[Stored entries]
[Start of Attachment]

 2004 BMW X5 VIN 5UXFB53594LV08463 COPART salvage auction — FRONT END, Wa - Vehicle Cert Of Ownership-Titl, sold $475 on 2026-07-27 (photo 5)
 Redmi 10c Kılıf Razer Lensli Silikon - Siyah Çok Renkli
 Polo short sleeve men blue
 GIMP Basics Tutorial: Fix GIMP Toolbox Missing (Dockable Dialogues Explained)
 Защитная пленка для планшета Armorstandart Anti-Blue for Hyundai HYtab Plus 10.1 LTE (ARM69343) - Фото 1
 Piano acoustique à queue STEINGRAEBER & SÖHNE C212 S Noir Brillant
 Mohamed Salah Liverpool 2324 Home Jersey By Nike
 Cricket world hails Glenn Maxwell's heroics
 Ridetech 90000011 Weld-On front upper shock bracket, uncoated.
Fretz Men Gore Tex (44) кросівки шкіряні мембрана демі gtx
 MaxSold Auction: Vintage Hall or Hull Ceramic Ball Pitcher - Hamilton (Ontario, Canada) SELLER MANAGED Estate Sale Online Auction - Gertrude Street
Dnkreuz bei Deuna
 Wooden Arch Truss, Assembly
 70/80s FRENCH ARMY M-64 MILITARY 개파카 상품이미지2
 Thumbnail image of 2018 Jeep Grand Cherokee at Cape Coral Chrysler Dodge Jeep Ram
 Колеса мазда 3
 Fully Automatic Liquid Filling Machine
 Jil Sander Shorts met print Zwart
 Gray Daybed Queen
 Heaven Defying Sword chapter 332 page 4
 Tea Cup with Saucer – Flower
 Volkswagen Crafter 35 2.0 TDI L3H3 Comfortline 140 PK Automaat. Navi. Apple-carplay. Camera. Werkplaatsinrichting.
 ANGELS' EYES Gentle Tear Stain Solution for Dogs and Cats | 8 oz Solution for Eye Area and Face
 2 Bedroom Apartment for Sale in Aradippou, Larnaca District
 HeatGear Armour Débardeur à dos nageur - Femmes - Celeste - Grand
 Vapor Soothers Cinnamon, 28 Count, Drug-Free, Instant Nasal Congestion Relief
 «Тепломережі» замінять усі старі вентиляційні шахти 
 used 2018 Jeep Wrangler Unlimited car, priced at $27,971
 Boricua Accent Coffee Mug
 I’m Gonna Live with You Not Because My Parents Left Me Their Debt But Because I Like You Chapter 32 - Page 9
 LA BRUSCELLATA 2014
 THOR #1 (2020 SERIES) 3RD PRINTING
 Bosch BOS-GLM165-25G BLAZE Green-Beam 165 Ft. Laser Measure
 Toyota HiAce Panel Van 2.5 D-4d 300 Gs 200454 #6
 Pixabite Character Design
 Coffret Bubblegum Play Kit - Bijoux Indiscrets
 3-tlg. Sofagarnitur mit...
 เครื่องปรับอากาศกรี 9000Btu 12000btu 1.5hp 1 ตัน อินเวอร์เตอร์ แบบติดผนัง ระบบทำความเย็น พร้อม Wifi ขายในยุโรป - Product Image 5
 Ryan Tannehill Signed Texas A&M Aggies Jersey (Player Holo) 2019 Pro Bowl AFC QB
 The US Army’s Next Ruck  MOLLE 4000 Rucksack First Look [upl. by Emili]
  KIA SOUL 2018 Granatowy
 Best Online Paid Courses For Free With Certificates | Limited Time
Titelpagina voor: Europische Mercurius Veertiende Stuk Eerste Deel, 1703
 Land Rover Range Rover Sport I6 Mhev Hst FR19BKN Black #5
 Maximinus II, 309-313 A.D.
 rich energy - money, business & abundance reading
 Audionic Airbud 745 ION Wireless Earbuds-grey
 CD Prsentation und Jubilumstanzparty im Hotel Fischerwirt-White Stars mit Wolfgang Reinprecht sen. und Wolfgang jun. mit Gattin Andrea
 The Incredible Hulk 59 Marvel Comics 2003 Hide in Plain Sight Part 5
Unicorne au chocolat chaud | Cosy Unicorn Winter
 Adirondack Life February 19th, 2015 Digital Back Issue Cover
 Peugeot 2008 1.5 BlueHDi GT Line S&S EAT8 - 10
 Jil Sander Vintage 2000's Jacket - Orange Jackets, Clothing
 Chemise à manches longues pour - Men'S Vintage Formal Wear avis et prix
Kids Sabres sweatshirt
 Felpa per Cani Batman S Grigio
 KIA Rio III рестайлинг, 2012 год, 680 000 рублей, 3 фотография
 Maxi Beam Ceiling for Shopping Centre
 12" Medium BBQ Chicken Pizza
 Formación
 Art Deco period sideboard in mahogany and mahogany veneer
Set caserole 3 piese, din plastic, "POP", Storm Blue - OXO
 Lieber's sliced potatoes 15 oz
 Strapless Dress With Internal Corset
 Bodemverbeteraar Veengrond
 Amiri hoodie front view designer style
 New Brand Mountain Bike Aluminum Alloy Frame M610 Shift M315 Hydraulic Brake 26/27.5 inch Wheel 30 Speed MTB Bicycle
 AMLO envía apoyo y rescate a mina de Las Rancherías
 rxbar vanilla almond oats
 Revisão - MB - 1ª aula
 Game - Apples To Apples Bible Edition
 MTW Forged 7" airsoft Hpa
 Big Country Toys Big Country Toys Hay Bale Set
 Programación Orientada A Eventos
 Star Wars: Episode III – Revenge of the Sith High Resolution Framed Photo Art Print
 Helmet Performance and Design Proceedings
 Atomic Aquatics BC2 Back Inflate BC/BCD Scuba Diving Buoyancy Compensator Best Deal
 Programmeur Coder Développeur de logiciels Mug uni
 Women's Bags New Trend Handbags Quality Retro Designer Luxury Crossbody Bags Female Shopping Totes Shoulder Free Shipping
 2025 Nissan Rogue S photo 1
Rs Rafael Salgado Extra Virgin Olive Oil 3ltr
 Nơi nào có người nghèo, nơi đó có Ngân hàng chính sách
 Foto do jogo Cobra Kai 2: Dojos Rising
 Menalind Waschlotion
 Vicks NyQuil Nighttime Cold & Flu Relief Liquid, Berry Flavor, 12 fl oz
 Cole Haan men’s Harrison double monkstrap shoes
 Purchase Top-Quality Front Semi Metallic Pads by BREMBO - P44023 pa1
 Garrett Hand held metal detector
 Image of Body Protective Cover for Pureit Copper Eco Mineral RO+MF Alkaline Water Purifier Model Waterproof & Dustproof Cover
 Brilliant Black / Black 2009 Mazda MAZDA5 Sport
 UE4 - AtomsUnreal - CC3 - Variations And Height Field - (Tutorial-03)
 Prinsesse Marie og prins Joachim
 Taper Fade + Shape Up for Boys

[End of Attachment]

> _YOUR ASSIGNMENT_
Take the entries above and return only the lines from the one with "Titelpagina voor: Europische" to the one with "CD Prsentation und", both included, unchanged.

> _ANSWER TO THIS TASK_
Titelpagina voor: Europische Mercurius Veertiende Stuk Eerste Deel, 1703
 Land Rover Range Rover Sport I6 Mhev Hst FR19BKN Black #5
 Maximinus II, 309-313 A.D.
 rich energy - money, business & abundance reading
 Audionic Airbud 745 ION Wireless Earbuds-grey
 CD Prsentation und Jubilumstanzparty im Hotel Fischerwirt-White Stars mit Wolfgang Reinprecht sen. und Wolfgang jun. mit Gattin Andrea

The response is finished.